# [Your goal]
In the entries below, find the line with "A hand holds" and the line with "Red cat looking"; copy them and every line between them exactly, but not the pictures.
(Records provided)
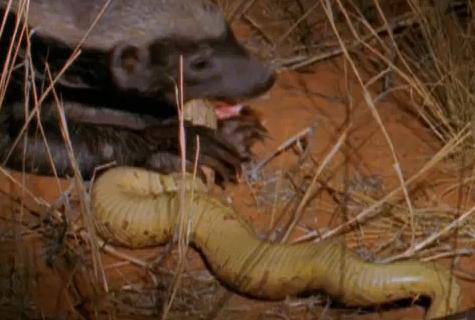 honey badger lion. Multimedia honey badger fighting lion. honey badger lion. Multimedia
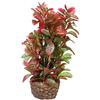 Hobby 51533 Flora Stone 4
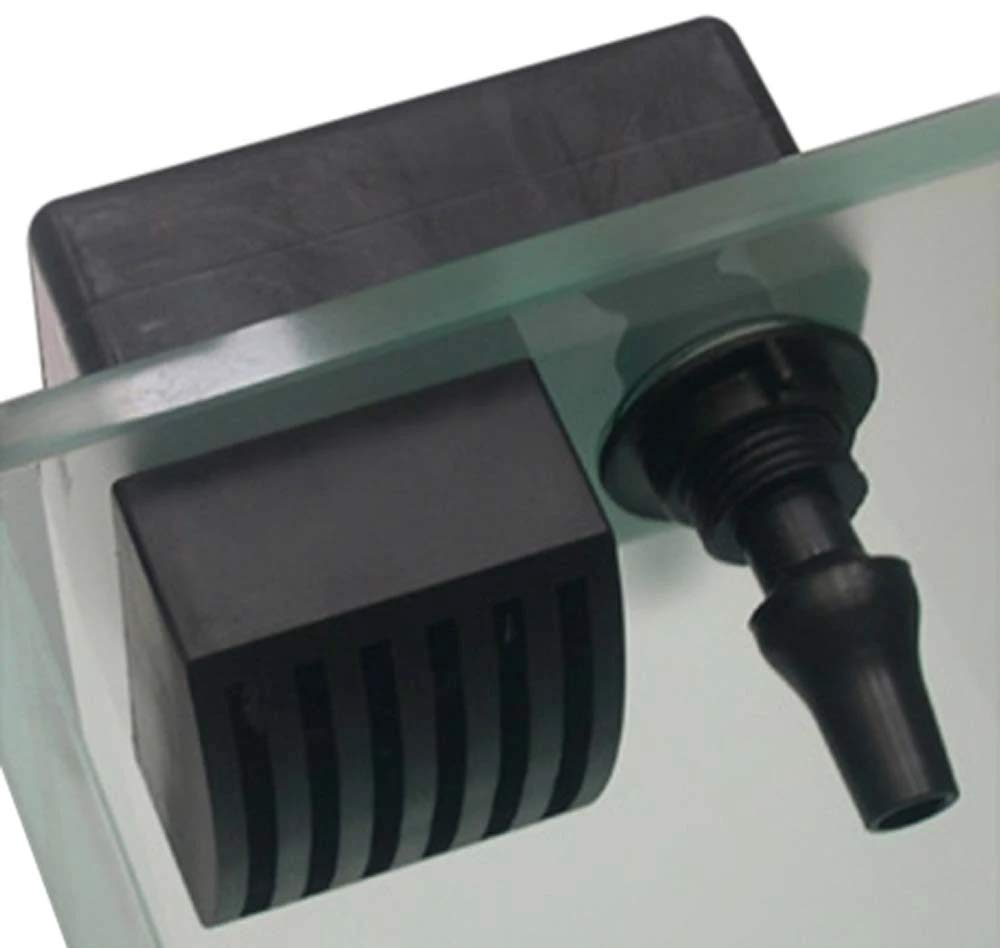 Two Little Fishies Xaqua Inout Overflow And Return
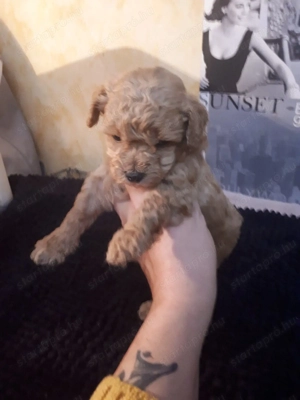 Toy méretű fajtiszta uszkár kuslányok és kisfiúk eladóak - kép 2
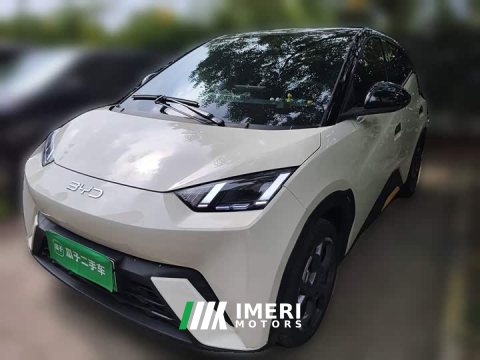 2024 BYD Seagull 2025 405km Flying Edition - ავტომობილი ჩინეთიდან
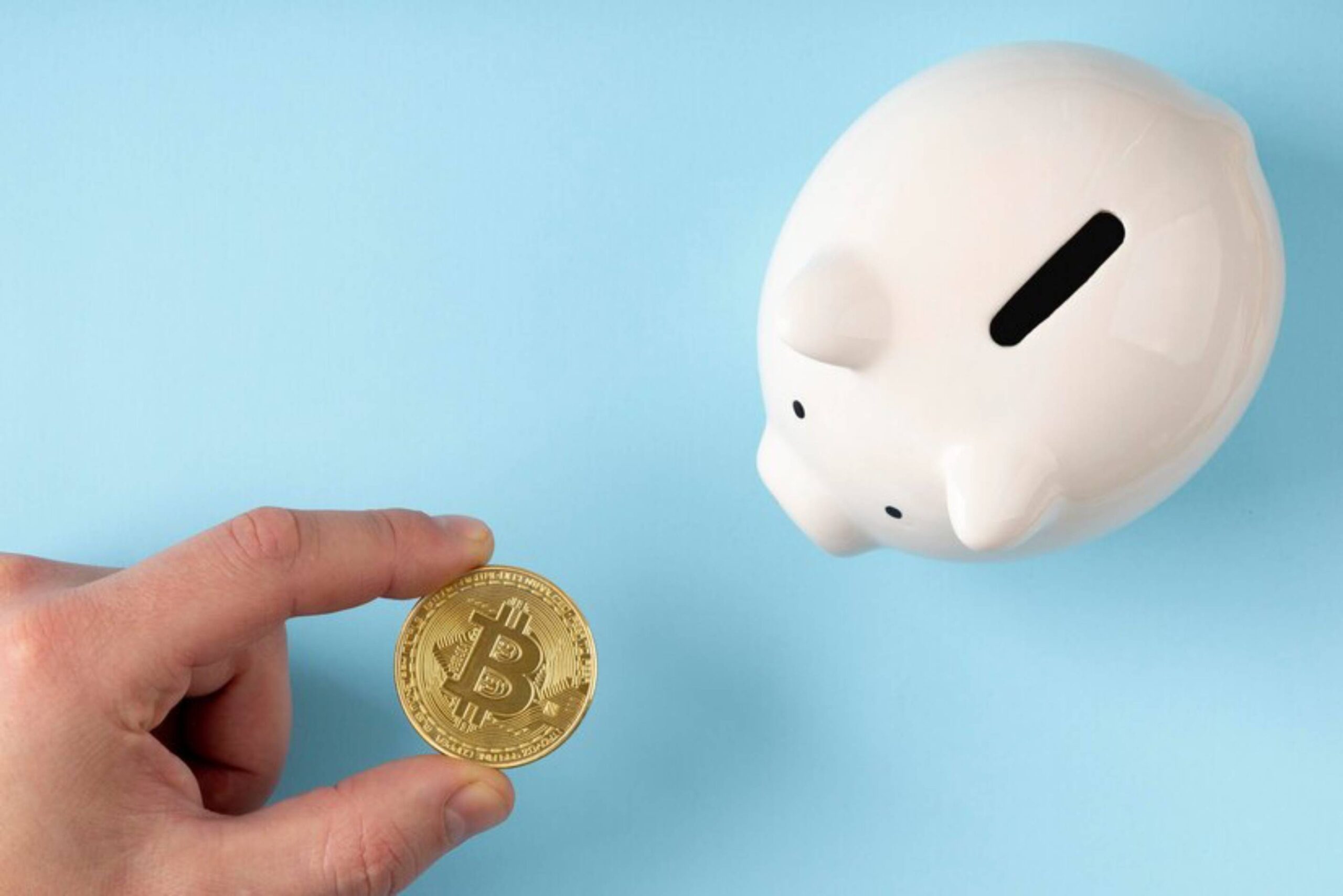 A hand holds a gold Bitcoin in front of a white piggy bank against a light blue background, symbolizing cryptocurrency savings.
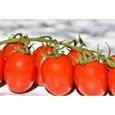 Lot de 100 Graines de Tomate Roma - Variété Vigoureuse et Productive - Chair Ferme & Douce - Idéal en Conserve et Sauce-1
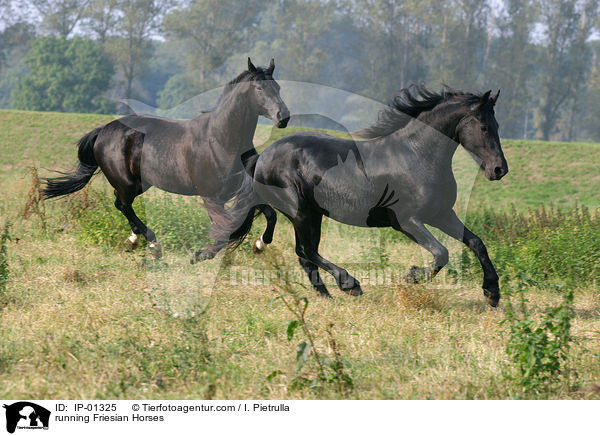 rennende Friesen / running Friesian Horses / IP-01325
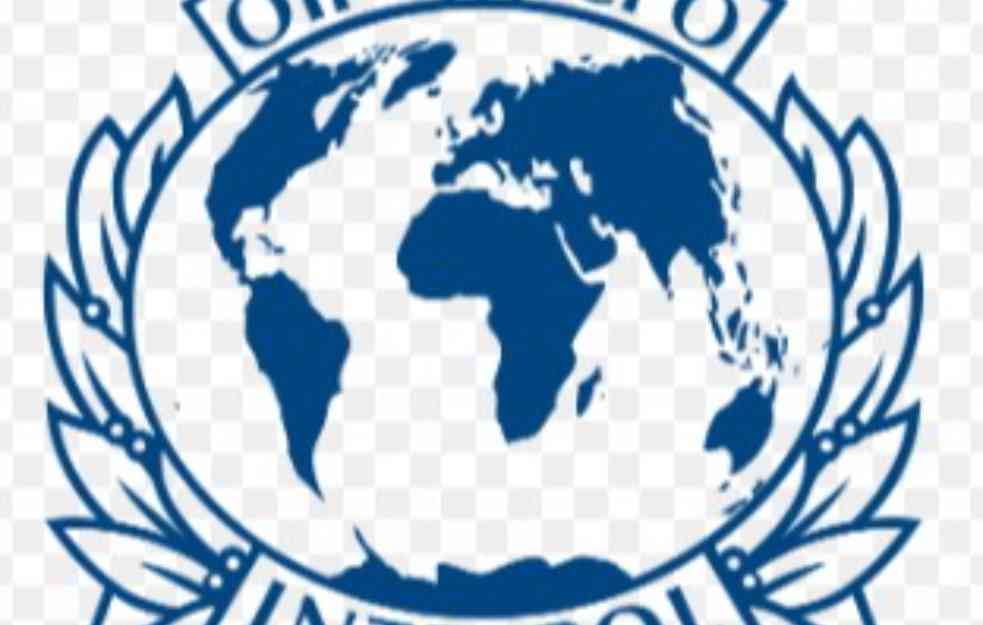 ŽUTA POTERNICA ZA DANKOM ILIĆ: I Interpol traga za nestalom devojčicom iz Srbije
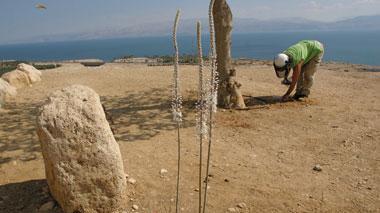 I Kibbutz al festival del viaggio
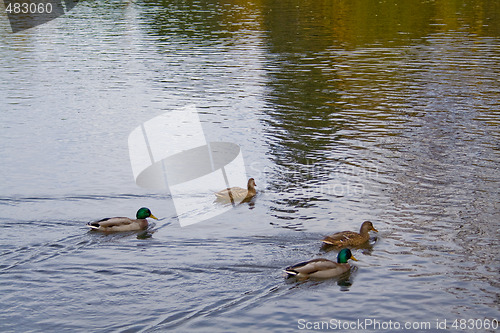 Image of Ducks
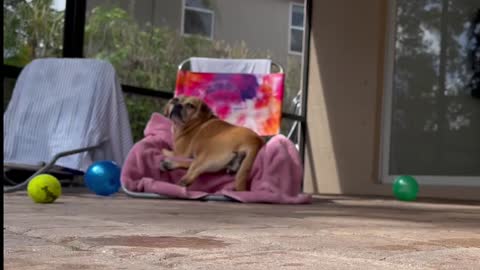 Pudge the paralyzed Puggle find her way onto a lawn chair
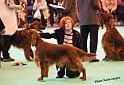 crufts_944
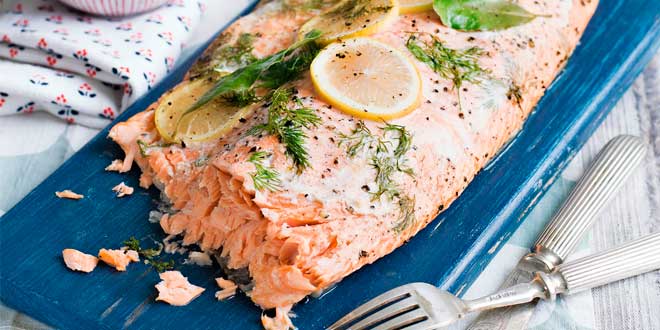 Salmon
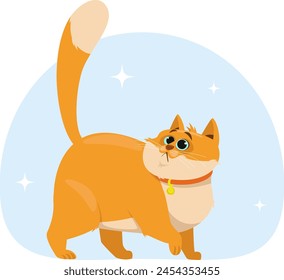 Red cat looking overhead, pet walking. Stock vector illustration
(End Records provided)
(Records provided)
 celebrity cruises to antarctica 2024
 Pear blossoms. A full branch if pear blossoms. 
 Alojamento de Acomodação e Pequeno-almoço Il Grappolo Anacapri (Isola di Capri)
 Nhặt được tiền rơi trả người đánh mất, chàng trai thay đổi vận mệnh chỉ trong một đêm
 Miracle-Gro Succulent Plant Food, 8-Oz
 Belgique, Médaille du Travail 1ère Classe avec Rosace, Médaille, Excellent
(End Records provided)
# [Answer space]
 A hand holds a gold Bitcoin in front of a white piggy bank against a light blue background, symbolizing cryptocurrency savings.
 Lot de 100 Graines de Tomate Roma - Variété Vigoureuse et Productive - Chair Ferme & Douce - Idéal en Conserve et Sauce-1
 rennende Friesen / running Friesian Horses / IP-01325
 ŽUTA POTERNICA ZA DANKOM ILIĆ: I Interpol traga za nestalom devojčicom iz Srbije
 I Kibbutz al festival del viaggio
 Image of Ducks
 Pudge the paralyzed Puggle find her way onto a lawn chair
 crufts_944
 Salmon
 Red cat looking overhead, pet walking. Stock vector illustration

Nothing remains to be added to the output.